Ecrit par L.B.
La crise sanitaire qui frappe le monde depuis un an a remis sur la table la question de la délocalisation notamment dans cette course à la relance économique dans laquelle tous les pays du monde se sont lancés. Elle a également mis à l’évidence le rôle des pays du Sud dans les chaînes de valeur mondiale. L’économiste Larbi Jaidi fait le point de la situation.
Conscients des opportunités à saisir dans les pays du Sud, les pays du Nord ont fait le choix de la délocalisation. Main d’œuvre, positionnement, avantages locaux…, autant d’atouts qu’offrent les pays du Sud pour attirer les investisseurs potentiels à la recherche de compétitivité.
La crise sanitaire qui frappe le monde depuis un an a remis sur la table la question de la délocalisation notamment dans cette course à la relance économique dans laquelle tous les pays du monde se sont lancés.
En effet, les conséquences économiques et financières sont tellement lourdes qu’il va falloir non seulement se retrousser les manches jusqu’à revoir certains modèles économiques.

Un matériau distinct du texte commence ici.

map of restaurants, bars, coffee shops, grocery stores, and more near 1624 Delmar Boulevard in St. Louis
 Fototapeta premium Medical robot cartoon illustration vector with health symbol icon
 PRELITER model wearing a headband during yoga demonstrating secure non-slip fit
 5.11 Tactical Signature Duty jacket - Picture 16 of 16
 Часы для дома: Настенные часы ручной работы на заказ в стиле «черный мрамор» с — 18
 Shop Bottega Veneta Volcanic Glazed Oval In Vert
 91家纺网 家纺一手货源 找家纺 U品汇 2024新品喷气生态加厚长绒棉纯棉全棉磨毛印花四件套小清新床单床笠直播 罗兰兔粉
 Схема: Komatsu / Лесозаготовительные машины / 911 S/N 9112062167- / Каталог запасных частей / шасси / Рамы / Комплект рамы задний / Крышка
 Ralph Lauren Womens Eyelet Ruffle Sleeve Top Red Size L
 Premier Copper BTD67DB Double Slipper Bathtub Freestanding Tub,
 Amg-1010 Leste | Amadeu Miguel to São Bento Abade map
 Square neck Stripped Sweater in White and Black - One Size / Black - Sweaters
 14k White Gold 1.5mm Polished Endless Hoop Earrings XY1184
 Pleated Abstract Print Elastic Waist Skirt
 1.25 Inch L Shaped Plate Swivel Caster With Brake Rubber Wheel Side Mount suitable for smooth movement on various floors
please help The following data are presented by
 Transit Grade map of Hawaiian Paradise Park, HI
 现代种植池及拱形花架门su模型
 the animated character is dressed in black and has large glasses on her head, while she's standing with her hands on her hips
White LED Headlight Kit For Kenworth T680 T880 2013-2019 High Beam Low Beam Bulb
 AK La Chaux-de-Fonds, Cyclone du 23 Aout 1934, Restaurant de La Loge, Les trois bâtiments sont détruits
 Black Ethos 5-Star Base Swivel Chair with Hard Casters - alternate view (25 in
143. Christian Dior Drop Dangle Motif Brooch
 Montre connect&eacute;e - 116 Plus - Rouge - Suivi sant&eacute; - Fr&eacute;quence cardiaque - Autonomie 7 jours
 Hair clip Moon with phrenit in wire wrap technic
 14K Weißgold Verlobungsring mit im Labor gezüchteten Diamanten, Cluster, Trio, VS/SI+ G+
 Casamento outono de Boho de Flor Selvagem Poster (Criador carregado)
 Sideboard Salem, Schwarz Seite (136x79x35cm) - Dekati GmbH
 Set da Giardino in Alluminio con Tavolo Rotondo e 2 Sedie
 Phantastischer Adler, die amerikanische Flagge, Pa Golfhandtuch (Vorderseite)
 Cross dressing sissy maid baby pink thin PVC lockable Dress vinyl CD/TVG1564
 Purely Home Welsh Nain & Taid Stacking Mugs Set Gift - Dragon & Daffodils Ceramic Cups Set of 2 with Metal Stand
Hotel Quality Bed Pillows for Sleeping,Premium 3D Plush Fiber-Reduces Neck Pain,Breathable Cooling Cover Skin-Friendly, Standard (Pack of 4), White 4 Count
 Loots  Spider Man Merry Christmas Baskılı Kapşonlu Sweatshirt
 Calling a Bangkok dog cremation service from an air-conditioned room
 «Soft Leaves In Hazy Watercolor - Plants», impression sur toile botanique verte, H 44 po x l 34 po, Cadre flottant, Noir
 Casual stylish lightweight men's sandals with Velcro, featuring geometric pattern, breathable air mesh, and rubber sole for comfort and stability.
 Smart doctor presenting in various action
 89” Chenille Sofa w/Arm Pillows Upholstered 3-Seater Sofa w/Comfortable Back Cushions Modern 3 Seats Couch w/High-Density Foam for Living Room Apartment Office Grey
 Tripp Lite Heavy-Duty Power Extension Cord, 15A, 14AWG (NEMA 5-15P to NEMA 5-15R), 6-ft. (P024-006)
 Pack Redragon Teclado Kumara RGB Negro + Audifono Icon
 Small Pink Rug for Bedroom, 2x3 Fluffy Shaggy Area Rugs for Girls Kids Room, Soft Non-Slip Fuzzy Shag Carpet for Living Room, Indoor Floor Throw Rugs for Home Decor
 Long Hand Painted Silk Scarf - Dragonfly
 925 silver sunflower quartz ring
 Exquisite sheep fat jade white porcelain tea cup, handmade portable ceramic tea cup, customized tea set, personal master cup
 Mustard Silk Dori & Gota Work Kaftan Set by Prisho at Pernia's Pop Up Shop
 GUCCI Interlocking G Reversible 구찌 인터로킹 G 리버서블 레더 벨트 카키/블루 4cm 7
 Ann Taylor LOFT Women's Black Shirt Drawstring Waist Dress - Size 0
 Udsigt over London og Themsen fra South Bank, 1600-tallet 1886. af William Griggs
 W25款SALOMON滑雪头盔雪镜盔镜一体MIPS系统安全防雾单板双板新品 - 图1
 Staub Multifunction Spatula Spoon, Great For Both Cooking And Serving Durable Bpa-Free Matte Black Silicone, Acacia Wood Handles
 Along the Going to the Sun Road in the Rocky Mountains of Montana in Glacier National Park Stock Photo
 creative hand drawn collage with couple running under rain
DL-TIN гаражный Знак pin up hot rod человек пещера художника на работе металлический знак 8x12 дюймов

Quelles chaînes de valeurs mondiales post pandémie ? Quels rôles les pays du Sud peuvent-ils jouer dans l’échiquier du commerce international ?
Des questions auxquelles Larbi Jaidi, Senior Fellow au Policy Center for the New South, Économiste et membre de la Commission spécial pour le nouveau modèle de développement, a apporté des réponses dans un podcast sur : « Le sud dans les chaînes de valeurs mondiales« .
« Dans un contexte de chaînes de valeurs mondiales, les pays ne constituent plus un cadre d’analyse pertinent. Il faut désormais prendre en considération les biens intermédiaires qui sont utilisés la mondialisation ayant modifié le mode de production des biens et services », a précisé l’économiste.
La fragmentation physique des chaînes de valeur due à la mondialisation remet en cause un certain nombre de principes acquis dans le commerce international notamment la question de la compétitivité, rappelle L.Jaidi.
La position des pays ou des secteurs dans ces chaînes de valeurs mondiales est définie sur la base d’analyse des indicateurs disponibles dans plusieurs bases de données mondiales créées pour mieux maîtriser ladite position.
« Ces bases de données permettent de sortir de l’approche classique de la balance commerciale (importation-exportation) pour mesurer le déficit, pour aller plus en profondeur afin d’identifier le rôle que jouent les consommations intermédiaires dans la valeur ajoutée d’un pays », poursuit-il.
La question qui se pose : la pandémie offre-t-elle des opportunités d’implication des pays du Sud dans les dynamiques de délocalisation initiées par les pays du Nord ?
Pour L. Raidi, la question fondamentale serait plutôt : comment les chaînes de valeurs mondiales ou l’insertion des pays du Sud dans ces chaînes et dans la fragmentation des processus de production à l’échelle mondiale offrent-elles un potentiel pour la diversification structurelle des pays ?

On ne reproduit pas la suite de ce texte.